Crisi, corruzione, debito, disoccupazione. Quando si parla di Paesi come Italia, Grecia e Spagna – e in generale dei Paesi del Sud Europa – sono queste le prime parole a cui si pensa. Ma, ovviamente, la realtà non è (solo) questa. Quando ci riferiamo ai Paesi mediterranei, parliamo di sole, vento, mare, turismo, i veri elementi che li accomunano e contraddistinguono.
Su questi aspetti – spesso sottovalutati, ma fondamentali per le rispettive economie e per la vita quotidiana dei cittadini – Greenpeace ha deciso di costruire la sua nuova campagna: “Solarnia, Solar Paradise”. Per un Mediterraneo che abbandoni la dannosa e improduttiva “via del petrolio” – inseguita senza lungimiranza da alcuni (vedi Renzi) – e persegua invece l’obiettivo di diventare 100 per cento rinnovabile.
È infatti paradossale che proprio Paesi che basano gran parte della propria economia sul turismo, in cui intere regioni hanno sole, mare e vento come fattori di attrazione, ignorino la potenzialità di queste fonti di energia. Inaccettabile poi che, con l’attuale situazione economica, i governi dei vari Paesi stiano per l’appunto ancora pensando di puntare su petrolio e carbone. Fonti inquinanti, pericolose e costose.
Un esempio? In Grecia, il premier Tsipras ha dato il via libera alla costruzione di una nuova centrale a olio combustibile. Ossia petrolio. Solo questo impianto sta già costando ai greci 180 milioni di euro, che vanno a sommarsi ai circa 800 milioni di euro l’anno di sussidi per la produzione da petrolio sulle isole che la Grecia già spende. Tutti soldi che contribuiscono ad alimentare il debito ellenico, come denunciato da uno striscione di 600 metri quadrati che alcuni nostri attivisti hanno aperto proprio di fronte alla centrale in questione qualche giorno fa. La ciliegina sulla torta? La centrale è in costruzione sull’isola di Rodi, nota nel mondo antico come “l’isola del dio sole”.

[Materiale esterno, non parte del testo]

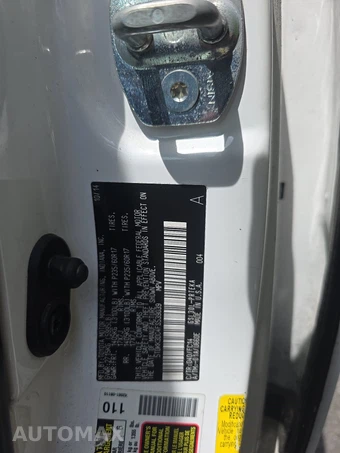 2015 Toyota Sienna LE 8-Passenger 119.3" WB – miniatura 15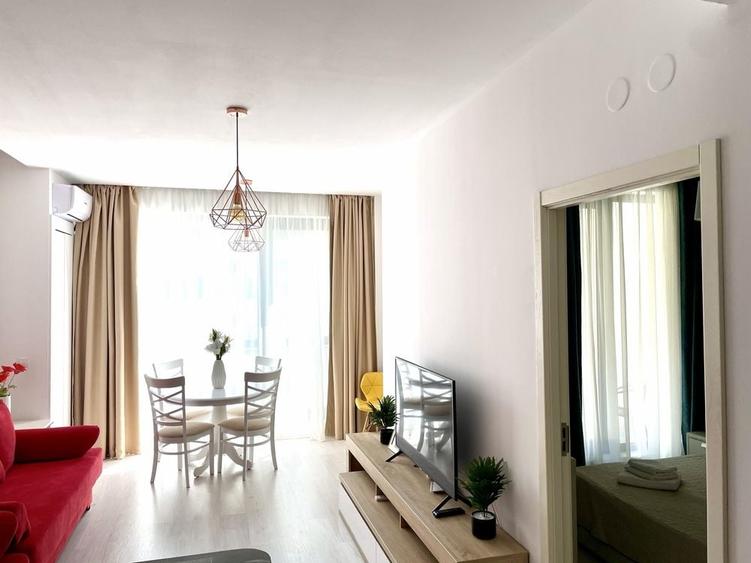 Apartament cu 2 camere semidecomandat în Central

Ma se la Grecia sta compiendo scelte energetiche insensate, l’Italia non è da meno. Anzi. Nonostante la montante opposizione di cittadini, comuni e regioni, il governo Renzi procede spedito con i suoi piani di trivellazione dei mari italiani in cerca di poche gocce di petrolio e gas, mettendo in pericolo settori davvero fondamentali come turismo e pesca sostenibile.
E, del resto, nemmeno da noi mancano paradossi energetici. Prendiamo per esempio le isole minori italiane: 20 paradisi turistici come Lampedusa, Ponza, Tremiti, Giglio che producono la quasi totalità della propria energia con generatori a petrolio inquinanti e costosi. La produzione di energia su queste isole costa a tutti gli italiani oltre 60 milioni di euro l’anno in bolletta, soldi che potrebbero essere risparmiati e utilizzati invece per fare di queste isole un paradiso 100 per cento rinnovabile. Svolta, tra l’altro, già intrapresa da diverse altre realtà in giro per il mondo. Come el Hierro, nelle Canarie, già oggi 100 per cento rinnovabile, o le Hawaii, che avranno elettricità completamente rinnovabile nel giro di 20-30 anni.
Per questo Greenpeace ha immaginato Solarnia, un’isola cento per cento rinnovabile. Tutt’altro che un’utopia, bensì un obiettivo per tutte le nostre isole, perché proprio questi meravigliosi luoghi possono essere il punto di partenza ideale per la rivoluzione energetica.
E proprio come si legge sullo striscione aperto lo scorso 25 luglio da volontari di Greenpeace in Puglia (una delle regioni maggiormente minacciate dalle trivellazioni), il sole e il vento sono tutto quello di cui abbiamo bisogno per la rivoluzione energetica. Ovvero un passo in avanti vitale non solo per l’ambiente, ma anche per economia e occupazione. Durante questa manifestazione dei nostri volontari, tutti i presenti sulla spiaggia hanno risposto all’apertura dello striscione con un caloroso applauso. L’ennesimo chiaro segnale che le trivelle non le vuole nessuno. E che il futuro è rinnovabile. Al 100 per cento.